By this, the boy that by her side lay kill'd
Was melted like a vapour from her sight,
And in his blood that on the ground lay spill'd,
A purple flower sprung up chequer'd with white.
Resembling well his pale cheeks, and the blood
Which in round drops upon their whiteness stood.

---Venus and Adonis (1165).

Shakespeare does not actually name the Anemone, and I place this passage under that name with some doubt, but I do not know any other flower to which he could be referring.

The original legend of the Anemone as given by Bion was that it sprung from the tears of Venus, while the Rose sprung from Adonis' blood--


+aima rodon tiktei, ta de dakrya tan anemonan.+

--- Bion Idyll, i, 66.


"Wide as her lover's torrent blood appears
So copious flowed the fountain of her tears;
The Rose starts blushing from the sanguine dyes,
And from her tears Anemones arise."

--- POLWHELE'S Translation, 1786.

But this legend was not followed by the other classical writers, who made the Anemone to be the flower of Adonis. Theocritus compares the Dog-rose (so called also in his day, +kynosbatos+) and the Anemone with the Rose, and the Scholia comment on the passage thus--"Anemone, a scentless flower, which they report to have sprung from the blood of Adonis; and again Nicander says that the Anemone sprung from the blood of Adonis."

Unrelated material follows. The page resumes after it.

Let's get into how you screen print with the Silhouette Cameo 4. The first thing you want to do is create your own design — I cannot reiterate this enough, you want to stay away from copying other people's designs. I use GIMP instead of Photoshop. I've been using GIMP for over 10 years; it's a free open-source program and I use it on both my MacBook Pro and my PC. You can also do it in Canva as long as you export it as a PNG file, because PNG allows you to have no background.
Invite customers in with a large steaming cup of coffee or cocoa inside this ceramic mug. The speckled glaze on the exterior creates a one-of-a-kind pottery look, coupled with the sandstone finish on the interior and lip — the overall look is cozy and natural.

The storehouse of our ancestors' pagan mythology was in Ovid, and his well-known lines are--


"Cum flos e sanguine concolor ortus
Qualem, quae; lento celant sub cortice granum
Punica ferre solent; brevis est tamen usus in illis,
Namque male haerentem, et nimia brevitate caducum
Excutiunt idem qui praestant nomina, venti,"--

Thus translated by Golding in 1567, from whom it is very probable that Shakespeare obtained his information--


"Of all one colour with the bloud, a flower she there did find,
Even like the flower of that same tree, whose fruit in tender rind
Have pleasant graines enclosede--howbeit the use of them is short,
For why, the leaves do hang so loose through lightnesse in such sort,
As that the windes that all things pierce[15:1] with everie little blast
Do shake them off and shed them so as long they cannot last."[15:2]

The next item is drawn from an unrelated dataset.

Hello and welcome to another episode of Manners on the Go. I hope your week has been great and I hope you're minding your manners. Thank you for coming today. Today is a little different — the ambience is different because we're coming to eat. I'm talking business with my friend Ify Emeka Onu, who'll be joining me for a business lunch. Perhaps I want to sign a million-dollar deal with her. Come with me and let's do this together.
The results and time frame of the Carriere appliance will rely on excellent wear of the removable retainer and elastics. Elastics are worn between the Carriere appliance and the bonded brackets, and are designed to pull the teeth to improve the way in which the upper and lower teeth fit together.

I feel sure that Shakespeare had some particular flower in view. Spenser only speaks of it as a flower, and gives no description--


"In which with cunning hand was pourtrahed
The love of Venus and her Paramoure,
The fayre Adonis, turned to a flowre."

--- F. Q., iii, 1, 34.


"When she saw no help might him restore
Him to a dainty flowre she did transmew."

--- F. Q., iii, 1, 38.


Ben Jonson similarly speaks of it as "Adonis' flower" (Pan's Anniversary), but with Shakespeare it is different; he describes the flower minutely, and as if it were a well-known flower, "purple chequered with white," and considering that in his day Anemone was supposed to be Adonis' flower (as it was described in 1647 by Alexander Ross in his "Mystagogus Poeticus," who says that Adonis "was by Venus turned into a red flower called Anemone"), and as I wish, if possible, to link the description to some special flower, I conclude that the evidence is in favour of the Anemone. Gerard's Anemone was certainly the same as ours, and the "purple" colour is no objection, for "purple" in Shakespeare's time had a very wide signification, meaning almost any bright colour, just as purpureus had in Latin,[16:1] which had so wide a range that it was used on the one hand as the epithet of the blood and the poppy, and on the other as the epithet of the swan ("purpureis ales oloribus," Horace) and of a woman's white arms ("brachia purpurea candidiora nive," Albinovanus). Nor was "chequered" confined to square divisions, as it usually is now, but included spots of any size or shape.

We have transferred the Greek name of Anemone to the English language, and we have further kept the Greek idea in the English form of "wind-flower." The name is explained by Pliny: "The flower hath the propertie to open but when the wind doth blow, wherefore it took the name Anemone in Greeke" ("Nat. Hist." xxi. 11, Holland's translation). This, however, is not the character of the Anemone as grown in English gardens; and so it is probable that the name has been transferred to a different plant than the classical one, and I think no suggestion more probable than Dr. Prior's that the classical Anemone was the Cistus, a shrub that is very abundant in the South of Europe; that certainly opens its flowers at other times than when the wind blows, and so will not well answer to Pliny's description, but of which the flowers are bright-coloured and most fugacious, and so will answer to Ovid's description. This fugacious character of the Anemone is perpetuated in Sir William Jones' lines ("Poet. Works," i, 254, ed. 1810)--


"Youth, like a thin Anemone, displays
His silken leaf, and in a morn decays;"

but the lines, though classical, are not true of the Anemone, though they would well apply to the Cistus.[17:1]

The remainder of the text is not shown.